When he had enough songs he thought were worthy, he called the other guys and proposed they give it a serious go.
They were so committed, and so poor, they all lived in the same house. Actually, they still do, but they’re on the road so much of the time, they’re hardly ever there.
“We’re always together; it’s really like a brotherhood,” Tyler says. Sometimes, when she’s not busy with her own gigs, vocalist Mo Brown joins the boys. Tyler discovered her singing in a Dallas bar not long after they recorded their first album, Hot Trottin’ — which they did less than a month after they’d gotten back together.
“I look back on that and I go, ‘Holy shit, I can’t believe it came out this good,’ because honestly, we spent five days in the studio and we had no idea what we were doing,” confesses Tyler, who produced. Luckily, they had a great engineer, Chris Bell (Erykah Badu, the Eagles). This time, with Atlantic’s help, they searched for the right producer, and found Jay Joyce (Patty Griffin, Cage the Elephant) in Nashville.

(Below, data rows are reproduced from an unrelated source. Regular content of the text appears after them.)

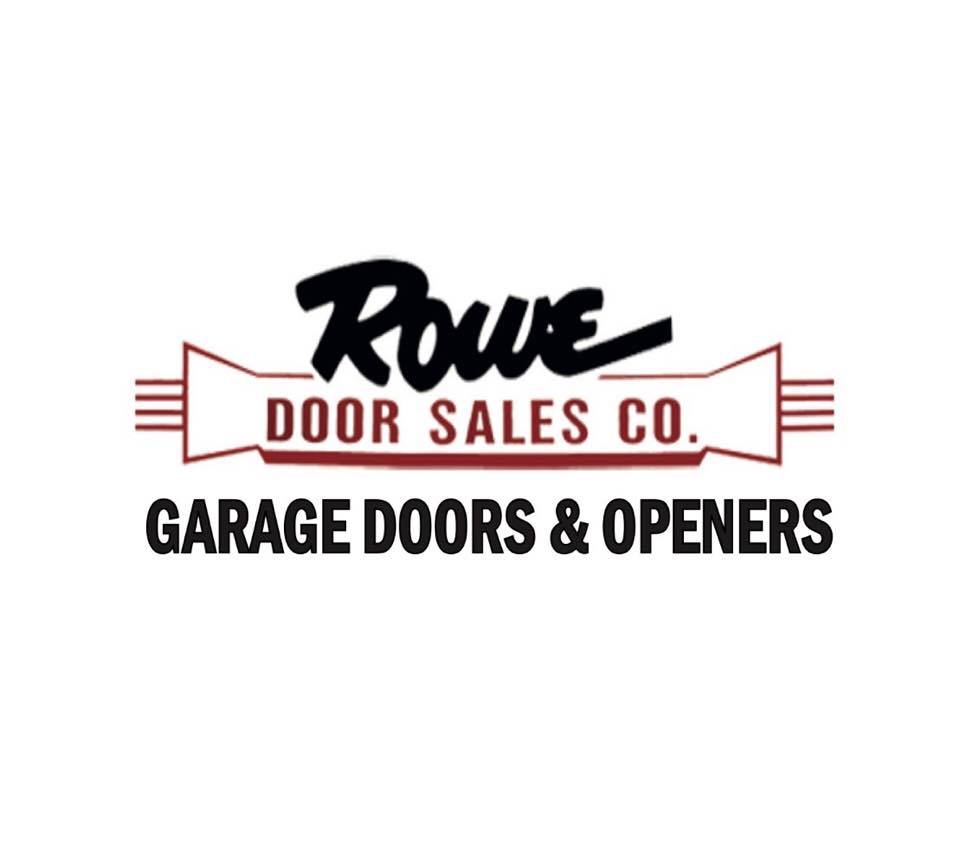 Logo for Rowe Door Sales Co
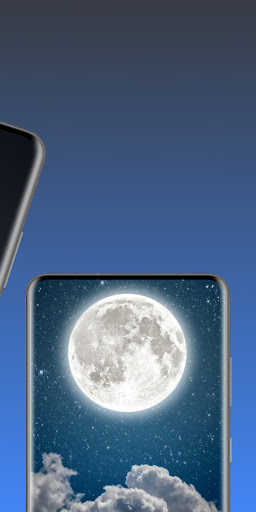 moon wallpaper Screen 2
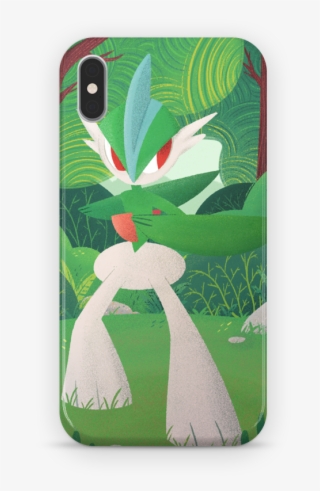 Case Gallade De Luiza Abendna - Mobile Phone Case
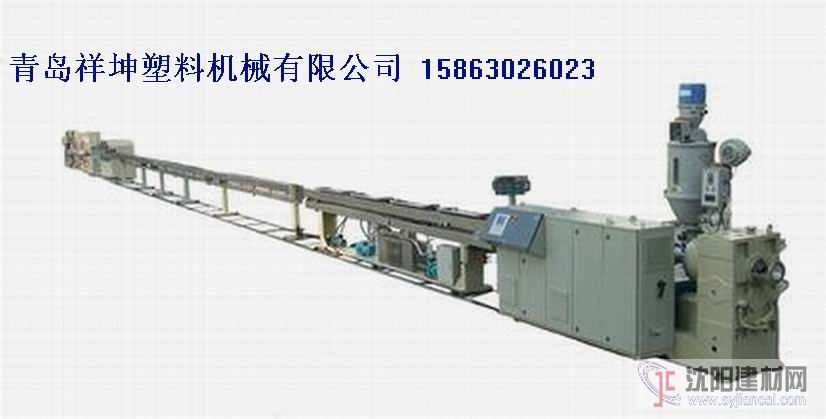 供應pvc下水管生產設備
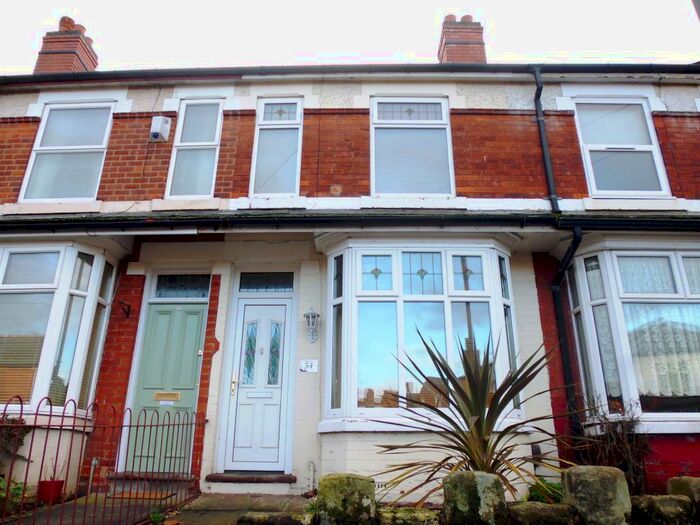 3 Bedroom House To Rent In May Lane, Kings Heath, Birmingham, B14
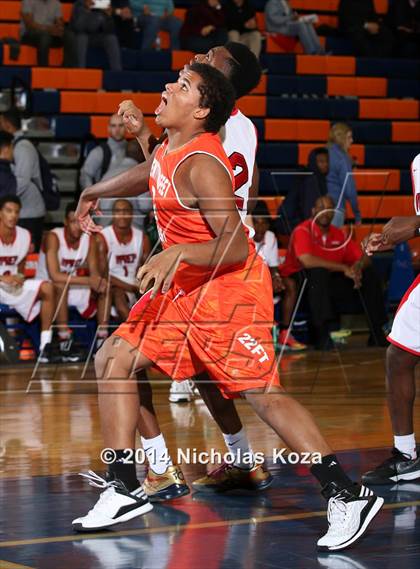 Thumbnail 2 in 22ft Academy vs. Victory Prep (Tarkanian Classic) photogallery.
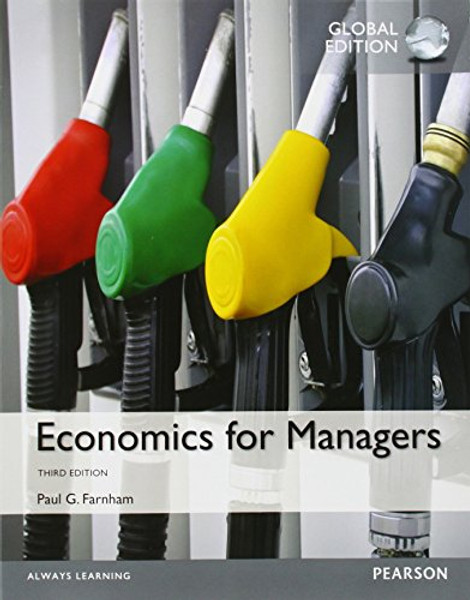 Economics for Managers, Global Edition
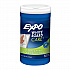 Dry-Erase Board-Cleaning Wet Wipes, 6 x 9, 50/Container, 6/Carton (81850ACT)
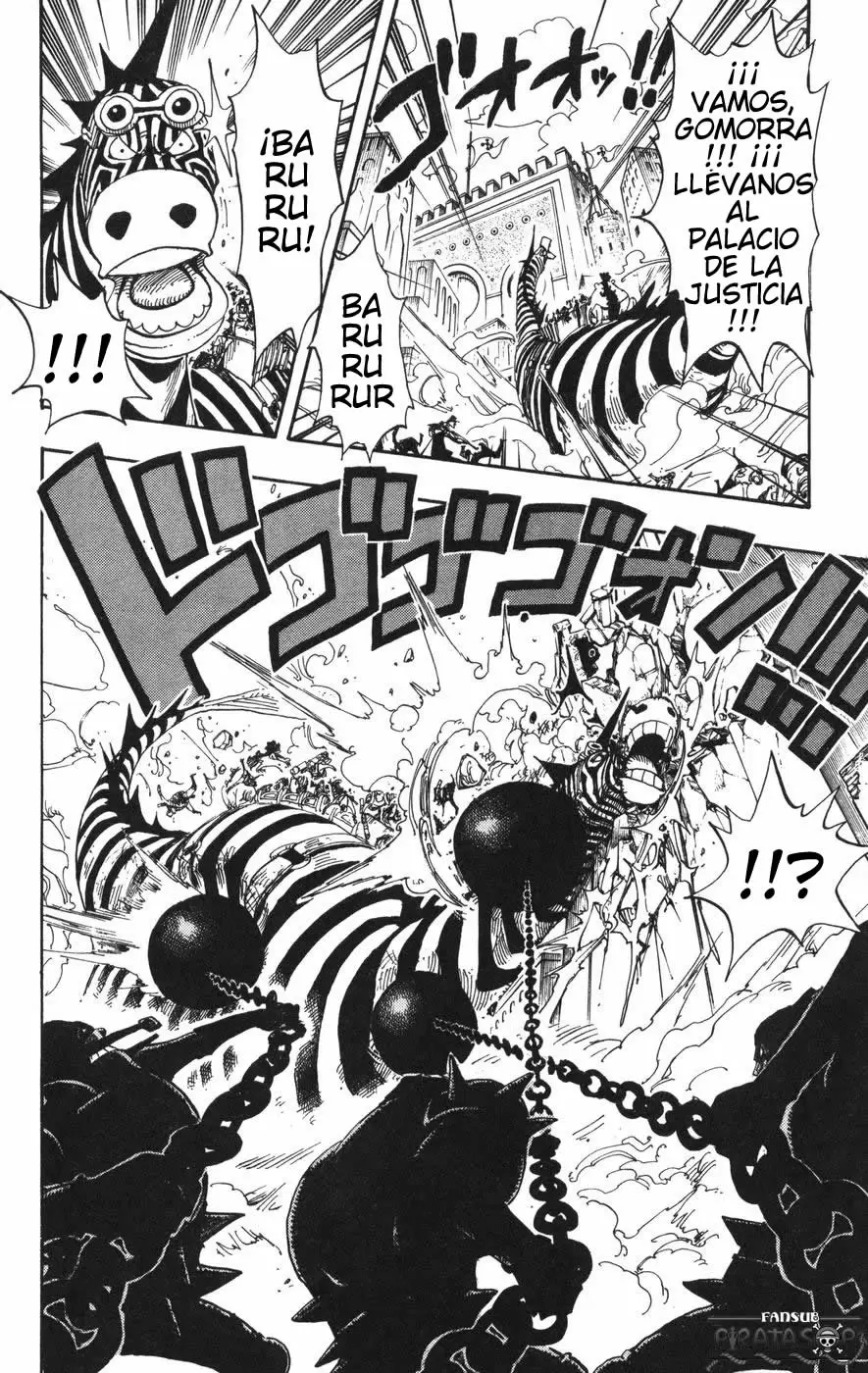 One Piece - Capítulo 384 - Página 14 - LectorTMOo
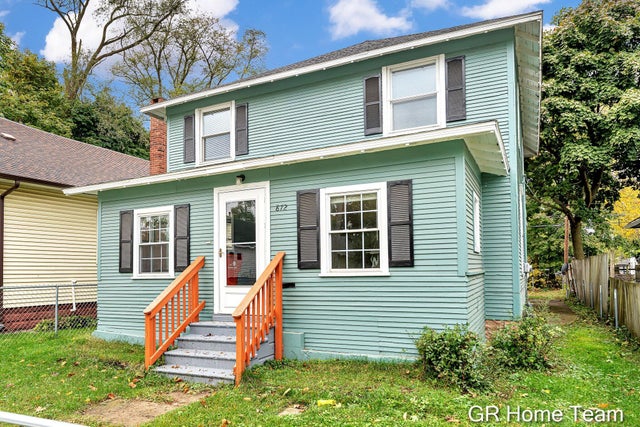 872 Mc Alister Avenue, Benton Harbor city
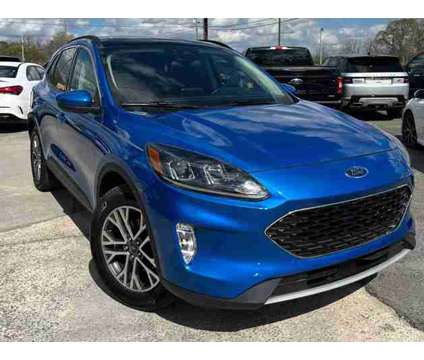 2020 Ford Escape for sale is a Blue 2020 Ford Escape Car for Sale in Monroe NC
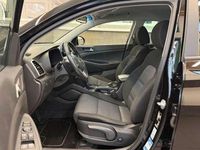 Second-hand Hyundai Tucson 177 CP (130 kW) 2021 Negru SUV
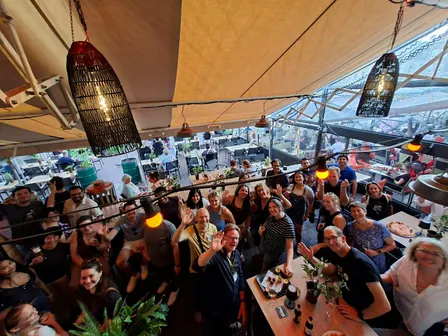 Get-together | Sittard-Geleen Welcome Activity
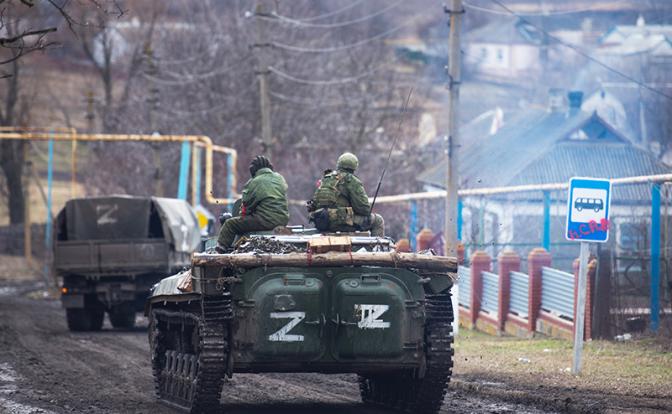 Четырехлетие с начала СВО: «Дунай» на Украину в 2022-м мы повернуть не сумели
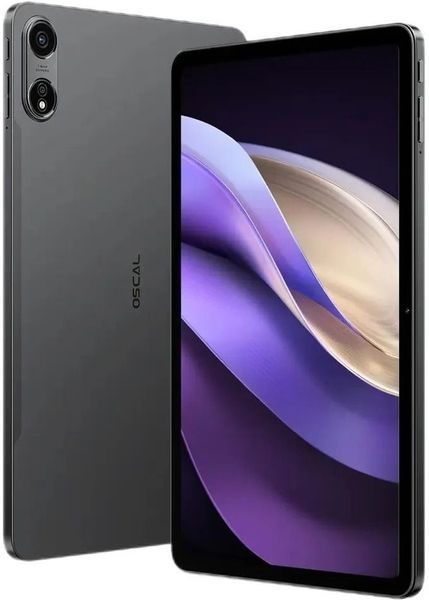 Планшет Oscal Pad 100 4G 8/256GB Dual Sim Silver Grey 6931548319108 фото
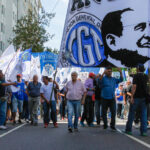 La marcha más grande desde que asumió Mauricio Macri como presidente de Argentina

“It seemed like he would really get to the heart of the songs without taking away from what we wanted to create,” Tyler says. “He would really add to it, rather than trying to take us into something else. ... Like a good teammate, really. It was just a really magical experience.” He’s glad he didn’t have it the first time around, though.
“If we would have had a producer, there’s a good chance that a lot of the songs might have made radio; they might have brought a lot more attention on us than we could have handled at the time,” he admits. “We’re still very young and still need to pay our dues and really spend a lot of time traveling and learning and figuring out what it all means.”
Even if the learning curve includes some embarrassing moments, like overindulging in the case of whiskey Kid Rock gave them at the start of their tour. The very first night, the band got into a drunken fistfight. The next day, the Rock and Skynyrd crews couldn’t stop talking about the opening act’s behavior. Needless to say, they hit it off with Kid Rock, a party boy from way back. Now they hang together, and they’re booked to do his sold-out cruise in April.
Hear that mercury bubbling? It’s the popularity meter, already starting to boil.